Visit the Alibaba Cloud Registration Page:
- Go to Alibaba Cloud Registration.
Click on "Business Account" or "Individual Account":
- Select account type and click next. You'll be redirected to a registration form.
Fill Out the Registration Form:
- Provide an email address, and set a password.
Verify Your Mobile Number:
- Enter your mobile phone number. You'll receive a verification code via email SMS. Enter it to proceed.
Complete Account Information:
- Provide personal details, billing information, and verify your identity if required.
Select a Payment Method:
- Add a valid payment method (credit card or PayPal) for resource usage billing.
Accept Terms and Conditions:
- Agree to Alibaba Cloud's terms of service and privacy policy.
Submit the Form:
- Your account should now be set up and ready to use.

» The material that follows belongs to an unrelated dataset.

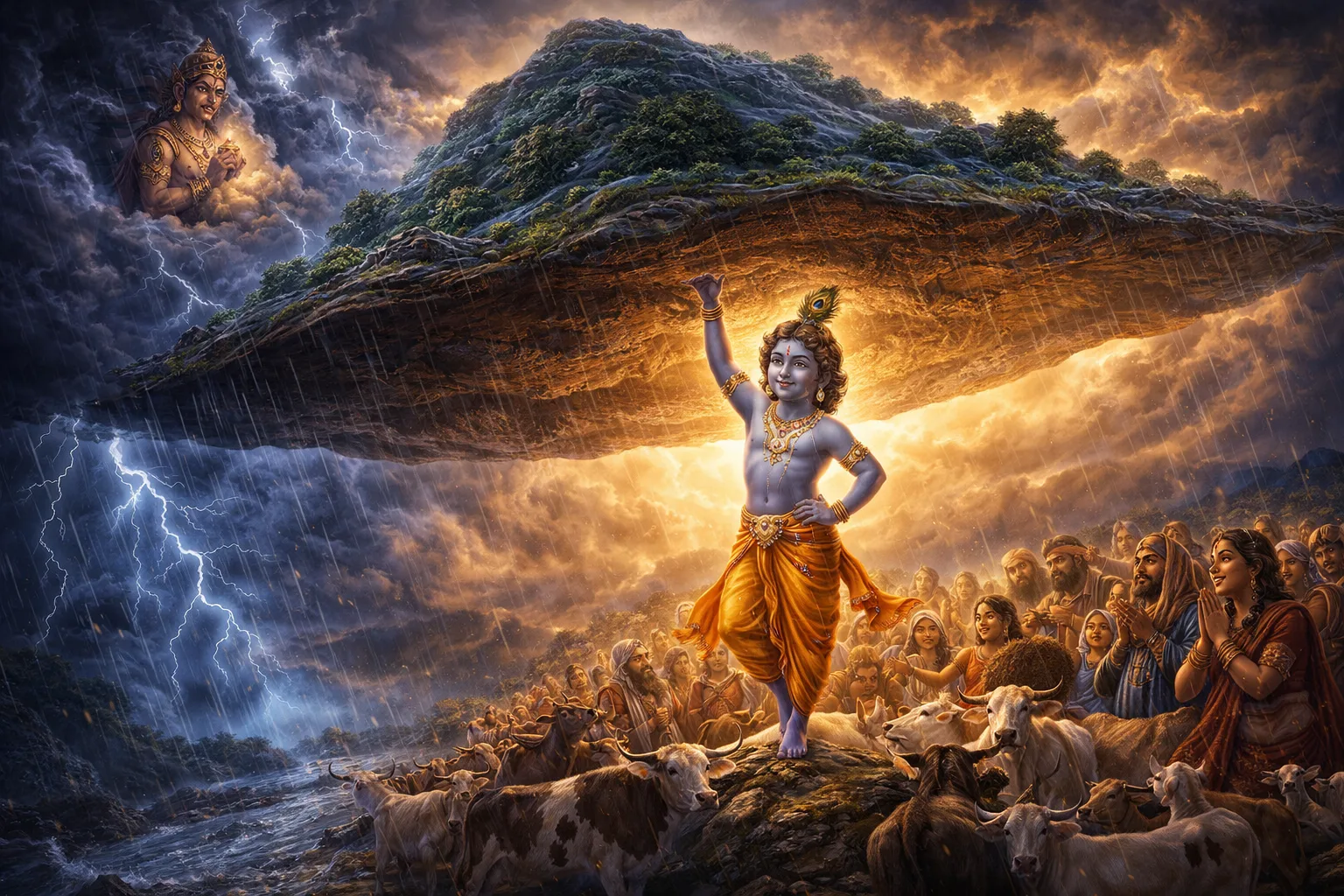 Krishnaji lifting Govardhan Parvat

2. Launching an FPGA Instance

Steps:

Log In to the Alibaba Cloud Console:
- Go to Alibaba Cloud Console and sign in with your credentials.
Navigate to Elastic Compute Service (ECS):
- From the console dashboard, select Elastic Compute Service under Products & Services.
Create an Instance:
- Click on Instances in the left menu, then click Create Instance.
Select Region and Zone:
- Choose a region that supports FPGA instances (e.g., China East 1 or China North 2). Note that some regions may have restrictions.
Select Instance Type:
- Choose the f3 instance family, which includes FPGA capabilities.
- For example, select f3.4xlarge which includes:
  - 16 vCPUs
  - 64 GB RAM
  - Xilinx Virtex UltraScale+ VU9P FPGA
Select an Image (Operating System):
- Choose an FPGA Development AMI provided by Alibaba Cloud.
- If available, select an image like FPGA Developer AMI which includes necessary tools.
- Alternatively, choose a standard Linux distribution (e.g., Ubuntu 18.04) and manually install the tools.
Configure Storage:
- Allocate sufficient storage for development tools and project files (e.g., 100 GB).
Set Up Security Group (Firewall Rules):
- Configure inbound rules to allow SSH access (port 22) from your IP address.
Set Instance Details:
- Assign a key pair for SSH access.
- Configure instance name, tags, and other details as needed.
Review and Launch:
- Confirm the configuration and launch the instance.
Wait for the Instance to Start:
- It may take a few minutes for the instance to be ready.
Note the Public IP Address:
- You'll need this to SSH into the instance.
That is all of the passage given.